Common use of INDEMNIFICATION BY CLARANT Clause in Contracts

INDEMNIFICATION BY CLARANT. Clarant covenants and agrees that it will indemnify, defend, protect and hold harmless the Stockholders at all times from and after the date of this Agreement until the Clarant Expiration Date, from and against Losses sustained or incurred by any Stockholder resulting from or arising out of (a) any breach by Clarant or Newco of its representations and warranties set forth herein or on the schedules, exhibits or certificates delivered in connection herewith, (b) any breach of any covenant or agreement on the part of Clarant or Newco under this Agreement, (c) any liability which the Stockholders may incur due to Clarant's or Newco's failure to be responsible for the liabilities and obligations of the Company as provided in Article 1 hereof (except to the extent that Clarant or Newco has claims against the Stockholders by reason of such liabilities); or (d) any liability under the 1933 Act, the 1934 Act or other Federal or state law or regulation, at common law or otherwise, arising out of or based upon any untrue statement or alleged untrue statement of a material fact relating to Clarant, Newco or any of the Other Founding Companies for inclusion in the Registration Statement or any prospectus forming a part thereof, or any amendment thereof or supplement thereto, or arising out of or based upon any omission or alleged omission to state therein a material fact relating to Clarant or Newco or any of the Other Founding Companies required to be stated therein or necessary to make the statements therein not misleading.
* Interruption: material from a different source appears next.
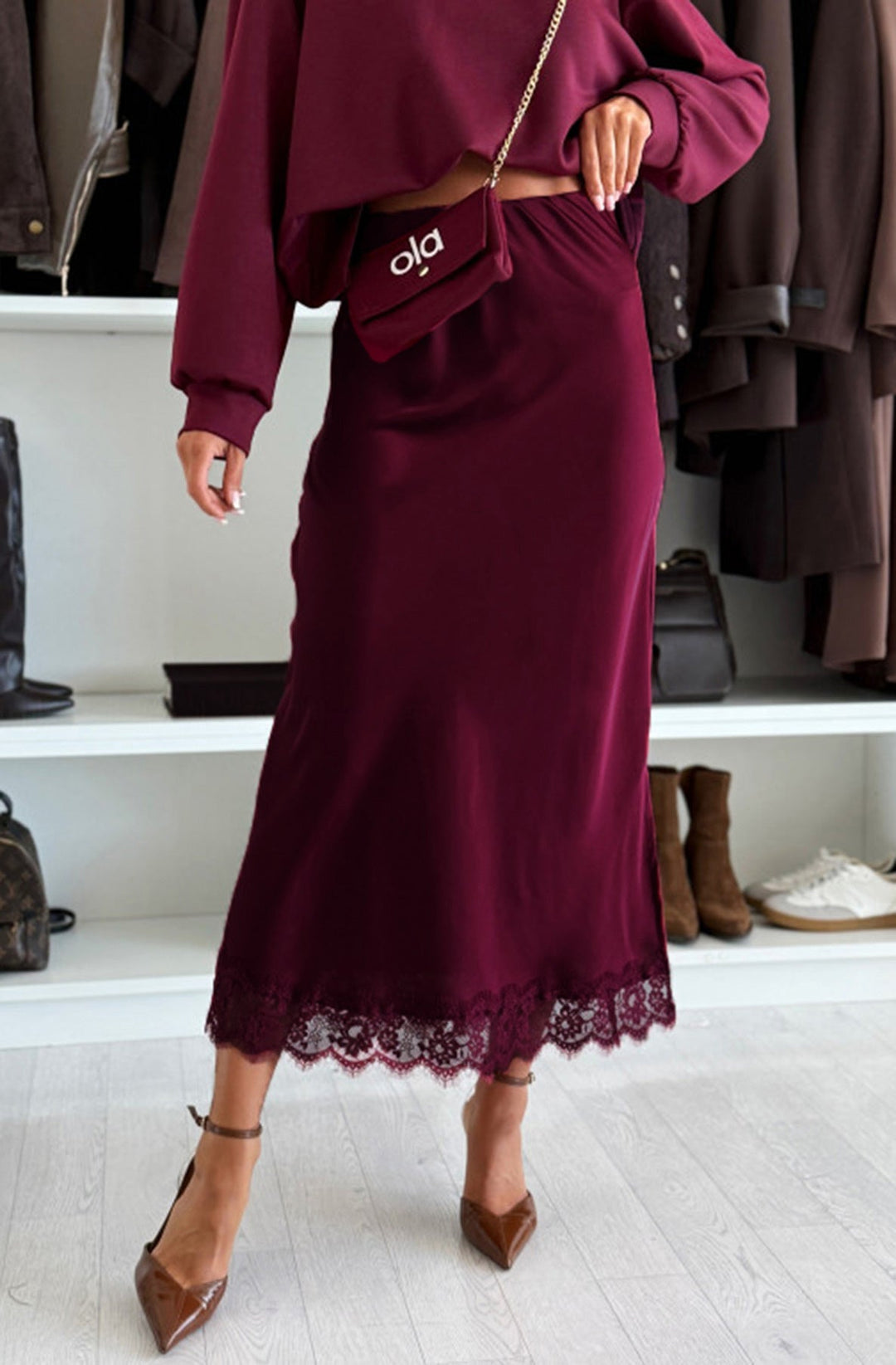 Zabrina Satin Lace Trim Midi Skirt
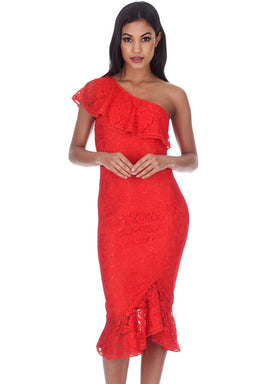 Red Bodycon Frill One Shoulder Midi Dress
Provided the Closing occurs, each of the Stockholders waives any right of contribution or indemnification or other similar right against Clarant, Newco or the Surviving Corporation arising out of the Company's representations, warranties, covenants and agreements contained herein, and each of the Stockholders further agrees that any claims of Clarant and any Clarant Indemnified Party or the Company hereunder, whether for indemnification or otherwise, may be asserted directly and fully against the Stockholders without the need for any claim against or joinder of the Surviving Corporation.

Appears in 1 contract

Samples: Agreement and Plan of Organization (Luminant Worldwide Corp)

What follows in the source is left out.